Im zweiten Bild befinden wir uns wieder im Haus von Flora Bervoix mitten im Trubel des Karnevals. Zigeunerinnen und Stierkämpfer unterhalten die Gäste. Hier ist die Regie wesentlich zwingender als in der grossen Szene des ersten Aktes. Die Personenführung unterstützt den Fortlauf der Geschichte, auch wenn die Solisten und Solistinnen immer noch relativ statisch singen. Die Halbwelt, in welche Violetta zurückgekehrt ist, wird hier stringenter dargestellt.
Hervorragend gelungen ist der dritte Akt. Das Bühnenbild wirkt düster, es herrscht eine Endzeitstimmung. Violetta gräbt, sie gräbt sich ein Grab. Die Frage stellt sich: Will sie sterben, oder hat sie einfach das unvermeidliche akzeptiert? Grandios der Einsatz des Chores der Maskierten „Largo al quadrupede“.
Das Schlussbild mit Violetta Valerie, Alfredo und Giorgo Germont, Annina und Dottore Grenvil bildet einen fulminanten Abschluss dieser Oper, einer der meistgespielten Opern weltweit.
Die Amerikanerin Corinne Winters singt und spielt mit viel Einfühlungsvermögen die Kurtisane Violetta Valeries. In den Höhen ist sie kraftvoll, vielleicht ein bisschen zu kraftvoll, in den Mittellagen und im tiefen Bereich jedoch moduliert sie ihre Stimme der Situation entsprechend mit grossem Können. Ihre Diktion ist ansprechend. Nicht hundertprozentig überzeugt jedoch ihre Körpersprache. Zu rar sind Gestik und Mimik mit den darzustellenden Emotionen gekoppelt. Hier ist die Regie, der Regisseur gefragt.
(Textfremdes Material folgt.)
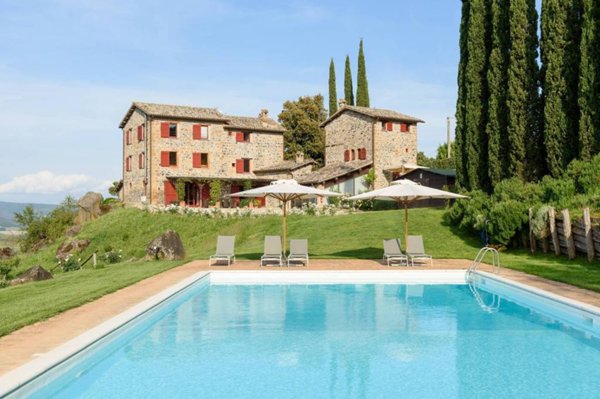casa indipendente in vendita ad Orvieto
Der Russe Pavel Valuzhyn, seines Zeichens einer der führenden Tenöre am Bolschoi-Theater, gibt in Basel sein westeuropäisches Debut. Seine Stimme zeichnet sich durch eine sanfte Lyrik und ein weiches Timbre aus. Sein „Libiamo ne’ lieti calici“ im ersten Akt jedoch ist zu schwach, zu lyrisch, zu wenig kraftvoll. Schade, dass sich seine Stimme nicht durchsetzen kann. Ganz anders im Rest des Werkes, schon bei den ersten Tönen des zweiten Aktes „Lunge da lei per me non v’ha diletto!“ und vor allem in „De’ miei bollenti spiriti“ hörte ich einen ganz anderen, einen wunderbaren Tenor. Seine Diktion ist gut. Aber auch bei Valuzhin stelle ich fest, dass seine schauspielerischen Fähigkeiten, seine Mimik und Gestik nicht überzeugt. Personenführung? Regie? Ich weiss es nicht, will und kann es nicht wissen.
Ivan Invernardi als Giorgio Germont überzeugt nicht unbedingt trotz seines kraftvollen Baritons.
Als Flora Bervoix erlebten wir das Basler Ensemblemitglied Kristina Stanek. Mit hohen Absätzen in schrillem Kostüm war Karl-Heinz Brandt zu sehen und zu hören. Solide wie immer gab Andrew Murphy den Dottore Grenville. Anastasia Bickel, Mitglied des Opernstudios Operavenir, sang die Annina.
Der Chor des Theater Basel unter seinem neuen Leiter Michael Clark meisterte seine darstellerischen und gesanglichen Aufgaben solide und professionell wie immer.
Die vielfältigen Kostüme wurden von Esther Bialas entworfen. Das Lichtdesign besorgte Charles Balfour. Die Lichtführung des dritten Aktes ist speziell erwähnenswert. Sie verstärkte die musikalische Emotion und unterstützte die Handlung, welche subtil, unterschwellig tief empfundene Gefühle wecken konnte, weckte.
Nach kurz gefühlten drei Stunden ging der Opernabend zu Ende. Das Premierenpublikum feierte die Solistinnen und Solisten mit frenetischem Beifall. Auch Statisterie, Chor und Chorsolisten kamen nicht zu kurz.
Eine Inszenierung des Basler Theaters, welche Musiktheater-Freunden wärmstens empfohlen werden kann!